Role of Dense Reward Signal

The prediction of the imposter's identity serves as a crucial dense reward signal. Standard MARL in such settings often suffers from sparse rewards (win/loss occurs only at the end of an episode), making credit assignment difficult, especially for communicative actions whose benefits are indirect and delayed.

By contrast, the belief-based signals provide immediate feedback:

Listening: The $L_L$ loss provides frequent supervised signals during the game, guiding the agent to extract relevant information from observations and dialogue.
Speaking: The $r^s_t$ reward provides immediate reinforcement after each message, directly correlating the message content with its effect on teammates' critical beliefs ( $p(q|\tau)$ ).

This grounds the natural language communication in the underlying game objective, pushing agents to produce strategically relevant utterances rather than just syntactically correct text.

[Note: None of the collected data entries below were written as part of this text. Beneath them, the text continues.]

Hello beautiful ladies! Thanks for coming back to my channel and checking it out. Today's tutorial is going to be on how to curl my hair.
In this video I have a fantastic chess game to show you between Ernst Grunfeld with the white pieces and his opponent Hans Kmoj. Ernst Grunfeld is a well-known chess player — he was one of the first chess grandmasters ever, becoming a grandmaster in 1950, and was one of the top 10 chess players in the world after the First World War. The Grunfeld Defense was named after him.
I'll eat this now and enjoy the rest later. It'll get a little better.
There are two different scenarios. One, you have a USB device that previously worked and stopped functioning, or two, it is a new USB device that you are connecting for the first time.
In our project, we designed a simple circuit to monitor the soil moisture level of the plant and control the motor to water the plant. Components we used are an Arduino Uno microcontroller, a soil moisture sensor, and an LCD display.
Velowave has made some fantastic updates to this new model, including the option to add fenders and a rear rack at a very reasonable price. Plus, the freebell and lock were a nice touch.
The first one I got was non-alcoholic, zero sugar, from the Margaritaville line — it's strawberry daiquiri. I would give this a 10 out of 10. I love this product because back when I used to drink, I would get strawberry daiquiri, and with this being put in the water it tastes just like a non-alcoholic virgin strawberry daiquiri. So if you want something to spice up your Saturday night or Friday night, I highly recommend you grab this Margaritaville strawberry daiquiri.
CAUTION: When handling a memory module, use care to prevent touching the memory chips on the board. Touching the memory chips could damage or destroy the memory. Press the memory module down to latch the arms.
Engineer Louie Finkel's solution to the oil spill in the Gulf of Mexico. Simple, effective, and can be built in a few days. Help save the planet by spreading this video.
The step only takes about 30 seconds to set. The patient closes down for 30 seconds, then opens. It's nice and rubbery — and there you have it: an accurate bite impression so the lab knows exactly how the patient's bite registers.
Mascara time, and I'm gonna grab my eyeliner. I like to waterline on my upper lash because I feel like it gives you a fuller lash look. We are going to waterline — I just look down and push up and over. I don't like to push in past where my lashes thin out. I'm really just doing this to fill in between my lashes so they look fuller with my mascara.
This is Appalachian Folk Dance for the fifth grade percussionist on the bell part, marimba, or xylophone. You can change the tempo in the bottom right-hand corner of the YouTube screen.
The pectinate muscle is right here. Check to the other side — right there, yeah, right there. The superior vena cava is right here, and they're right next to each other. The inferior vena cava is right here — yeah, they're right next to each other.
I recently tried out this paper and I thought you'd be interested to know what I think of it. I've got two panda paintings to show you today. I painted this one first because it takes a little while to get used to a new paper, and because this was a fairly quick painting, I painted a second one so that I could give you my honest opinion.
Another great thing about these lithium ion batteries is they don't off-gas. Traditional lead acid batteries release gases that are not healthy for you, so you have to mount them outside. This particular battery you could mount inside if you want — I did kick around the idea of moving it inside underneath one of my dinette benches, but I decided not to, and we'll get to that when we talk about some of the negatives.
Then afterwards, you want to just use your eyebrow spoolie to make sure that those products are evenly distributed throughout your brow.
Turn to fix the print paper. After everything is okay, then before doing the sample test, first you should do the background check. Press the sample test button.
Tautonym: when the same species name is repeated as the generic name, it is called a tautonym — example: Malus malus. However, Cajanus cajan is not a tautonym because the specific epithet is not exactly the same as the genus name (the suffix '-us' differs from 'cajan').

Experimental Validation and Results

The framework was evaluated in a custom 2D grid-world environment inspired by Among Us. Agents navigate, perform tasks, report bodies, engage in free-form text discussions, and vote. The environment simulates partial observability, task dependencies, kill mechanics, and voting dynamics.

Performance Metrics

Base LLMs (RWKV 1.5B, 7B) without MARL training achieved low win rates (<20%).
Standard PPO ( $\pi_\text{RL}$ ) improved performance but struggled with the deduction aspect.
Adding the listening loss ( $\pi_\text{RL+L}$ ) significantly boosted the crewmate win rate.
The full model incorporating the speaking reward ( $\pi_\text{RL+L+S}$ ) achieved the highest crewmate win rate, approximately doubling the win rate of the standard RL baseline ( $\pi_\text{RL}$ ) and substantially outperforming even larger base LLMs.

Emergent Behaviors

Qualitative analysis revealed the emergence of sophisticated, human-like communication strategies:

Accusations: Agents directly accuse others based on observed behavior or inconsistencies.
Evidence Provision: Agents support accusations with justifications derived from their observations (e.g., "Player Green was seen leaving the room where the body was found"). Agents also learned to sometimes fabricate evidence convincingly.
Imposter Counter-Play: Imposters learned to deflect suspicion, make counter-accusations, and mimic crewmate communication patterns to blend in.

Robustness and Ablations

Iterated self-play with adversarial imposter training resulted in robust crewmate policies, evidenced by a rapidly narrowing exploitability gap against evolving imposter strategies.
Ablation studies confirmed the significant contributions of both the listening loss ( $L_L$ ) and the speaking reward ( $r^s_t$ ) to the final performance. The listening component ( $L_L$ ) appeared particularly critical for grounding the agents' understanding and enabling effective deduction.

Conclusion

The research demonstrates a viable method for training LLM agents to use natural language communication effectively in complex MARL environments like social deduction games, bypassing the need for human communication data. By decomposing communication into listening (trained via supervised prediction of game state) and speaking (trained via RL with belief-based rewards), and leveraging the imposter prediction task as a dense reward signal, the framework enables agents to develop robust and strategically relevant communication behaviors, leading to significant performance improvements over standard MARL approaches.